In most cases, operators will have at least two ports, which are identified as colored circles to the left and right of each operator. That on the left serves as an input to the operator, while that on the right serves as an output. When an operator is added to the Design View, it is automatically connected to the input closest to it. In addition, clicking on the port of an operator in the canvas results in a new action in the Operator panel that allows you to select and insert another operator of choice and directly connect it to the operator on the canvas.

When two operators are connected, the output of the first will serve as an input to the second. A connected set of operators that help you to transform and analyze your data is called a process.

Manipulating Design Elements

Any element added to the Design View can be deleted by selecting it and then clicking the Delete img/delete_can.png icon or pressing Delete on your keyboard. If a connected operator is deleted, all connections to this operator are also deleted.

Connections can be deleted by hovering your mouse over it and then clicking Delete Connection img/delete.png.

You can undo / redo any action:

  • To undo a previous action, press Ctrl + Z / Cmd + Z on your keyboard.
  • To redo an action, press Ctrl + Y / Cmd + Y (Ctrl+Shift + Z / Cmd+Shift + Z).

When operators are nested in a subprocess, as in the following example:

img/subflow1.png

img/subflow2.png

double-clicking on this subprocess directly navigates into the operators that comprise it.

img/subflow3.png

Creating Workflows

Let’s create a simple workflow to better understand how to work with Workflow Designer.
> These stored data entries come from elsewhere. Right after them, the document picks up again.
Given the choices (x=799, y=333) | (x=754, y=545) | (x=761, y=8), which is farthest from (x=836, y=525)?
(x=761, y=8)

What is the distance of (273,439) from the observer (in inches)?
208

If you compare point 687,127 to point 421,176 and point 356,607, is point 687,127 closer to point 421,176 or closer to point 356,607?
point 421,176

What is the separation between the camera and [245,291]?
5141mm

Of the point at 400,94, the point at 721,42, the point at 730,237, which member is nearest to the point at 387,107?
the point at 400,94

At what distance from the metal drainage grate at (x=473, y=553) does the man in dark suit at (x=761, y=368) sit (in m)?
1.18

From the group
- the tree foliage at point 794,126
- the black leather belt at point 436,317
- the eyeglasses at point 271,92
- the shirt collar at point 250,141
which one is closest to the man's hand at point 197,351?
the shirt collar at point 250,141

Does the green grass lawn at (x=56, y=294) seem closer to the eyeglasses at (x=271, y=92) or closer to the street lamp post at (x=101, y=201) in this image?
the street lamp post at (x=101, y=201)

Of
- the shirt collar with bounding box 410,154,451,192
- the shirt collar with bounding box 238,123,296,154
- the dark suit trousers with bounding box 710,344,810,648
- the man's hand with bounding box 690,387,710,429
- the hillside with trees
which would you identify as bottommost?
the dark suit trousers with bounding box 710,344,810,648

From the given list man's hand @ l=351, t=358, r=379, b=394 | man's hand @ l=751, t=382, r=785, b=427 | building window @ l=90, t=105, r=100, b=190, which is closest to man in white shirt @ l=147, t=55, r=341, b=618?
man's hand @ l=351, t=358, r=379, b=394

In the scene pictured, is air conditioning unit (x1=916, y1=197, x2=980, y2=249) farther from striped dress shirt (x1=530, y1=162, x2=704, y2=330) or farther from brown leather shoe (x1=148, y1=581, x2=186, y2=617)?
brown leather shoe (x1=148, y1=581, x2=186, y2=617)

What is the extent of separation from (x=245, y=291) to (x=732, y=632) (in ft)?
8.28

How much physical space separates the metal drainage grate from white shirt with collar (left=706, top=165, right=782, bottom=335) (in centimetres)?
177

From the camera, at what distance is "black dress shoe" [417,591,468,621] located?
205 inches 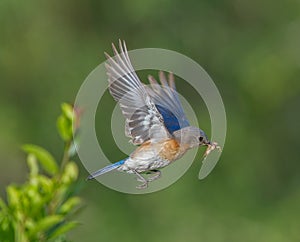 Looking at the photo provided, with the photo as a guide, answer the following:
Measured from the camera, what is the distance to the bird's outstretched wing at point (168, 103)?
6.88ft

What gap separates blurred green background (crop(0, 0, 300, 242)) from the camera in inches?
255

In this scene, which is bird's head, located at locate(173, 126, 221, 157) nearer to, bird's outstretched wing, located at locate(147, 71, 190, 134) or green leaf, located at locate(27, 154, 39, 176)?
bird's outstretched wing, located at locate(147, 71, 190, 134)

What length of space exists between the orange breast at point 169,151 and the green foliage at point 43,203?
29 cm

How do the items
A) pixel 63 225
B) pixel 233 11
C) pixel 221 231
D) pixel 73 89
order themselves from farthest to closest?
pixel 233 11 → pixel 73 89 → pixel 221 231 → pixel 63 225

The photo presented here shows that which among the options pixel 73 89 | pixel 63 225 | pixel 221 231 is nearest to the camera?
pixel 63 225

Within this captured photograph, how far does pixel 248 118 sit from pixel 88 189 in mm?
1499

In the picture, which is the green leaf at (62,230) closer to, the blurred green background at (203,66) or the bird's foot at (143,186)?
the bird's foot at (143,186)

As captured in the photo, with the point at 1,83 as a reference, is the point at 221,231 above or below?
below

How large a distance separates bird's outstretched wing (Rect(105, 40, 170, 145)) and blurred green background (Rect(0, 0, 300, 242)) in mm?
4516

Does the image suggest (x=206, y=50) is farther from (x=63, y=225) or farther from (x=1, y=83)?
(x=63, y=225)

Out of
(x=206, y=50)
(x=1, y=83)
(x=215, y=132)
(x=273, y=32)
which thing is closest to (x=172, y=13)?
(x=206, y=50)

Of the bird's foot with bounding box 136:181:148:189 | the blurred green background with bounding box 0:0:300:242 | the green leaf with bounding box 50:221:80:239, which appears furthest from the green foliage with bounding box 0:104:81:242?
the blurred green background with bounding box 0:0:300:242

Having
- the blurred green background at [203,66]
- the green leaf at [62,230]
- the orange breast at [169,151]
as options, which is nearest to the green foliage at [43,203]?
the green leaf at [62,230]

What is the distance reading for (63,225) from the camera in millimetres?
1581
Suppose we have two separate reports, one containing a list of products and their prices (Retail Products) and the other containing a list of products and their quantities purchased by various customers over a month (Retail Transactions), and we wish to combine them to obtain a single report that describes the total amount (value) of all transactions for these products. We can reasonably assume that not all products had been purchased at the time the report Retail Transactions was generated. We can break down the steps required to combine these reports and generate the required information as follows:

  1. Import each report.
  2. Join the two reports.
  3. Add a Total column to the final report.
  4. Generate the report.

Now, let’s create the workflow.

Import Each Report

  1. In Workflow Designer, expand the Assets tab and drag and drop Retail Products into the Design View.
  2. Rename this input as Retail Products.
  3. Repeat Step 1 to add the data file Retail Transactions to the Design View.
  4. Rename this input as Retail Transactions.

Join the Two Reports

  1. In the Search bar of the Operators tab, type in Join. Drag and drop this operator into the Design View, close to Retail Products. The output port of this operator automatically connects to one input port of the Join operator.
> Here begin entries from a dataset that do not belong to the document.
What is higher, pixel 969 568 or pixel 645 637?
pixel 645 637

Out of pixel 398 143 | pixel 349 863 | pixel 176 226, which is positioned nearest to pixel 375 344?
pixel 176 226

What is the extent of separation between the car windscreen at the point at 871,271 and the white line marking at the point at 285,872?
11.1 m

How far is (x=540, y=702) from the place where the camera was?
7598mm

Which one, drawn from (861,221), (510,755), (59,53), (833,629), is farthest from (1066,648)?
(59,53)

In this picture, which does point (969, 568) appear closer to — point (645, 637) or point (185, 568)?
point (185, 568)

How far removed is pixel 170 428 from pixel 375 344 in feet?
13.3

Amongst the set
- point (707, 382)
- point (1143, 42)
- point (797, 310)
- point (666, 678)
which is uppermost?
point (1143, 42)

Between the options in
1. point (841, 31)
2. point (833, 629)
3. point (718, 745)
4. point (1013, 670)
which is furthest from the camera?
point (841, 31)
  2. Select the output port of Retail Transactions, drag your mouse to the remaining input port of the Join operator, and then release.

    img/example2.png

  3. In the Parameters tab of the Join operator, write Product ID for both left key attribute and right key attribute.

    img/example3.png

Add a Total Column to the Final Report

  1. In the Search bar of the Operators tab, type in Generate Columns. Drag and drop this operator into the Design View.
  2. Connect the output port of the Join operator to the input port of the Generate Columns operator.
  3. In the Parameters tab of the Generate Columns operator, enter Total in the column name field and Amount*Price in the function expression field. img/example4.png

Generate the Report

  1. Expand the Operators tab and drag and drop the Output operator into the Design View.

  2. Connect the table output port of the Generate Columns operator to the input port of the Output operator.
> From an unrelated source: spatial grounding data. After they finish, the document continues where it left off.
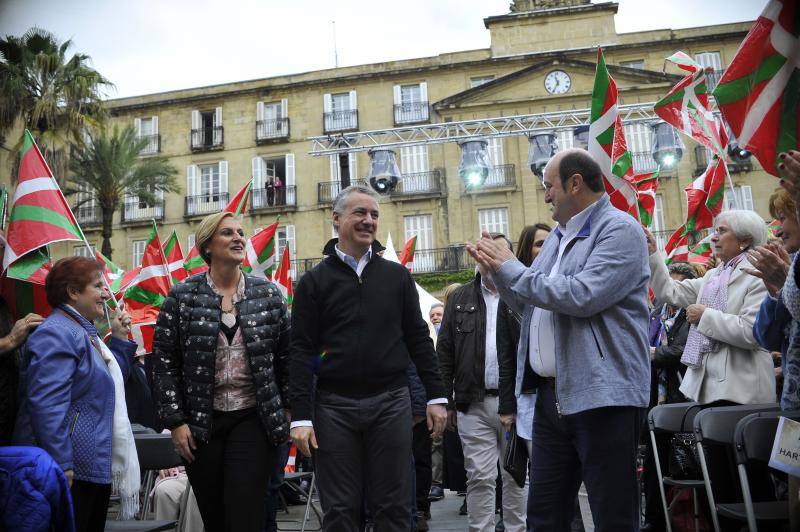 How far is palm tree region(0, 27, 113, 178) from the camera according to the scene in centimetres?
2025

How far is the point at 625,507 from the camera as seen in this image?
3.12m

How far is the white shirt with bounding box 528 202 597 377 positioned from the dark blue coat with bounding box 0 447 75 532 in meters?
2.18

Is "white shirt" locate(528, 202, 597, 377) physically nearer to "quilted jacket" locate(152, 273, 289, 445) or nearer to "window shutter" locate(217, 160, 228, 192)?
"quilted jacket" locate(152, 273, 289, 445)

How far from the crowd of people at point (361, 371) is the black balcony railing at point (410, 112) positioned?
Result: 30266 millimetres

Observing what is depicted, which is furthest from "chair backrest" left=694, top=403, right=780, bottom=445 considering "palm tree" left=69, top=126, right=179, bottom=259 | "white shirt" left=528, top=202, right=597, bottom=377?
"palm tree" left=69, top=126, right=179, bottom=259

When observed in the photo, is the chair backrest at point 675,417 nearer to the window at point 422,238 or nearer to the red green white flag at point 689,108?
the red green white flag at point 689,108

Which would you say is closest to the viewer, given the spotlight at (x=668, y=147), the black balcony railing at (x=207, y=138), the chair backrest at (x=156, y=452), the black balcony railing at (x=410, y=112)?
the chair backrest at (x=156, y=452)

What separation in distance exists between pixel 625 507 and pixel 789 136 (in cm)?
205

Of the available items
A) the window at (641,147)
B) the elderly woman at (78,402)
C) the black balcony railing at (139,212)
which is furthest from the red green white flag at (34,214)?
the black balcony railing at (139,212)

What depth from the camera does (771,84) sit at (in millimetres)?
3910

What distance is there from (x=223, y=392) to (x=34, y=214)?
2.60 m

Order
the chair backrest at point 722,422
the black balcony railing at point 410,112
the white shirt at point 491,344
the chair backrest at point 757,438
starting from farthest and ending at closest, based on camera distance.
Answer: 1. the black balcony railing at point 410,112
2. the white shirt at point 491,344
3. the chair backrest at point 722,422
4. the chair backrest at point 757,438

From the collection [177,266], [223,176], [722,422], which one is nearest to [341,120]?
[223,176]

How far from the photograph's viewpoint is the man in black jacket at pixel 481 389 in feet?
17.4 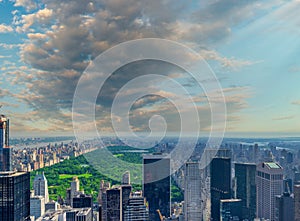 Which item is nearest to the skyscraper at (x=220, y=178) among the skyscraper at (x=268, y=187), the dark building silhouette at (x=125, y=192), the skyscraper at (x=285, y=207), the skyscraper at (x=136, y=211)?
the skyscraper at (x=268, y=187)

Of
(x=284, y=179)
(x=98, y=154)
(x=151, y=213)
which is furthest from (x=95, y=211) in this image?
(x=284, y=179)

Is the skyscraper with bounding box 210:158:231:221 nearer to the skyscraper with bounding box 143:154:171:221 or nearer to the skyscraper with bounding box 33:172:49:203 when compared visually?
the skyscraper with bounding box 143:154:171:221

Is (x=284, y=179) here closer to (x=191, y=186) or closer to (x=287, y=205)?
(x=287, y=205)

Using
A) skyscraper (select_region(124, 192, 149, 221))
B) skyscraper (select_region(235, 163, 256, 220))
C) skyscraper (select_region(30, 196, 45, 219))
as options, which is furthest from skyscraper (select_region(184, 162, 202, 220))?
skyscraper (select_region(30, 196, 45, 219))

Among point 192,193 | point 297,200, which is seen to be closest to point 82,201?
point 192,193

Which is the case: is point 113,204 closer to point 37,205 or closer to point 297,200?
point 37,205

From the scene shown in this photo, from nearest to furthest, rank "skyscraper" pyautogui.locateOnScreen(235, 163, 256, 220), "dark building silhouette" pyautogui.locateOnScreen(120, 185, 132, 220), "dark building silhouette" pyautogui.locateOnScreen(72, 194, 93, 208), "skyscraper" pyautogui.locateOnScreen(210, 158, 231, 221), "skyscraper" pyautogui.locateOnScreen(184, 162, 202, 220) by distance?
"dark building silhouette" pyautogui.locateOnScreen(120, 185, 132, 220) → "dark building silhouette" pyautogui.locateOnScreen(72, 194, 93, 208) → "skyscraper" pyautogui.locateOnScreen(184, 162, 202, 220) → "skyscraper" pyautogui.locateOnScreen(235, 163, 256, 220) → "skyscraper" pyautogui.locateOnScreen(210, 158, 231, 221) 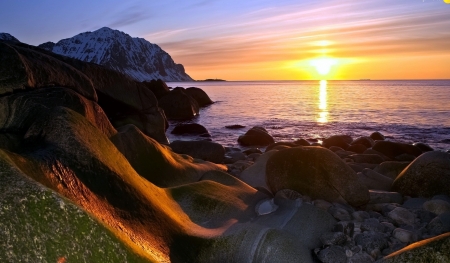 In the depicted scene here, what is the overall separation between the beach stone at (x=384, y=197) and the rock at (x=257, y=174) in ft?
7.96

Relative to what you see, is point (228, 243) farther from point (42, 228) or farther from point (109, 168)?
point (42, 228)

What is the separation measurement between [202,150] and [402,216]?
9.63m

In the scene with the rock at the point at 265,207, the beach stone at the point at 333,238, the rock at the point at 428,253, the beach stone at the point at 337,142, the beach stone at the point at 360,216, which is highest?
the rock at the point at 428,253

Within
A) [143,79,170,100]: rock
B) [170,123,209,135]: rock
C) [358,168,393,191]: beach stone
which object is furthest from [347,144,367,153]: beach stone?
[143,79,170,100]: rock

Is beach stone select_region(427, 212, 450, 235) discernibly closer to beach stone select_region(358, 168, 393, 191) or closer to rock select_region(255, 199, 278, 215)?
rock select_region(255, 199, 278, 215)

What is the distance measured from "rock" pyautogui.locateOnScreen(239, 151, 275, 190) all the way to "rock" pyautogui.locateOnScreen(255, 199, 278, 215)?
237 centimetres

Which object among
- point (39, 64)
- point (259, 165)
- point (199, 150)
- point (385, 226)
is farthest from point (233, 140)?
point (385, 226)

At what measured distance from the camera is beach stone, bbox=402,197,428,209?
8.09 meters

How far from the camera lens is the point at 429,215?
7.15 m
  3. In the Parameters tab of the Output operator, enable both Display Result and Save Results.

  4. Enter Sales Today in the File Location field.

    Your workflow should now look as follows.

    img/example5.png

  5. Run the process by clicking the Run button at the top of the screen.

When the Data View panel is expanded, the following report displays.

img/example6.png

When the Assets tab is selected, Sales Today displays in the Data catalog.

img/example7.png

This file is saved in the rmhd5table format.

Understanding the Process

Let's discuss the process above to better understand how the process was built and how AI Cloud elements can be manipulated.

  • All processes will start with a data input. The Input operator has no input ports and a single output port. This output port should be connected to another operator to tell AI Cloud what to do with it. In our example, the Input operator could be directly connected to another operator because it is in the rmhd5table format. If your data file is a CSV file, for example, you will need to add the operator Read CSV and connect the Input operator to it before the file can be processed. Altair AI Cloud supports 14 different file types, including CSV, Microsoft Excel, URL, Microsoft Access, SPSS, etc.

  • Renaming operators will help you remember what the operator is used for, especially if you use multiple instances of the same operator (e.g., the Input operator) in a single workflow.

  • Typing in the name of an operator into the Search field in the Operators tab is a quick way to locate this operator, especially if you are unsure about where in the different Operator categories it might reside.

  • The Join operator combines two different tables into a single table via a key attribute. Thus, this operator has two input ports, one for each table to be combined. If you wish to join three tables, your process will have to include three Input connectors and two Join connectors, with the output of the first Join connector connected to the input port of the second Join connector.

  • In the example above, we selected the join type inner because we only want those records from both tables for which the key attributes match. You can select left, right, or outer as other join types.

  • We connected the table output port to the input port of the Output operator because we want the newly generated column to be included in the final report. If the original output port is connected instead, the original joined table without the Total column is passed to the Output connector.

  • Before we generated the final report, we enabled the options Display Result and Save Results. The first option instructs Altair AI Cloud to display the results in the Data View panel, while the second instructs it to save the report as a new table, ready for use in another process if necessary.

  • Each operator can be run independently of the other operators by selecting the operator and clicking the Run img/run.png button that displays below it. For example, in the process above, if only the Join connector is run, the resulting table will not include a Total column because the operator used to add the this column appears after the join.

    img/example8.png

    If, instead, the Generate Columns operator is run, the resulting table will include the Total column.

    img/example9.png

What's Next?

Now that we have a report that totals all transactions for various products sold over a month, what's next? If we are the business owner, we'll probably want to know which products types (categories) sell the most. This information will:

  • tell us what types of products should be ordered in greater quantities to ensure that they are always on hand,
  • guide store-organization decisions to ensure accessibility and visibility, and
  • help identify which products should be promoted better to increase sales or, conversely, phased out.

A chart is a great way to obtain a high-level view of our products and their selling performance. Let's create one now.

  1. Assuming you have the report generated from the example above, in Data View, click Charts.
  2. Select Pie as the Chart Type.
  3. Select Product Category as the Grouped by parameter.
  4. Select Total as the Value parameter.
  5. Select Sum as the Aggregation parameter.

The Chart View displays the following:

img/example10.png

Hovering over each slice of the chart displays the product category, in this example 8, and the total amount of products in this category sold, in this example 248,656.

img/example11.png

The smallest slice in the chart is occupied by products with category 5 and total sales 125,189.

img/example12.png

If we know that category 8 comprises food products and food items are not currently on display near the door for customers to see as soon as they step into our store, we may want to think about moving these items closer to where customers can see them. Similarly, if category 5 comprises household items and the chart indicates that they aren't selling as fast as, say, automotive supplies, we may want to rethink whether stocking them is even necessary or whether we should implement a promotion or discount to improve sales.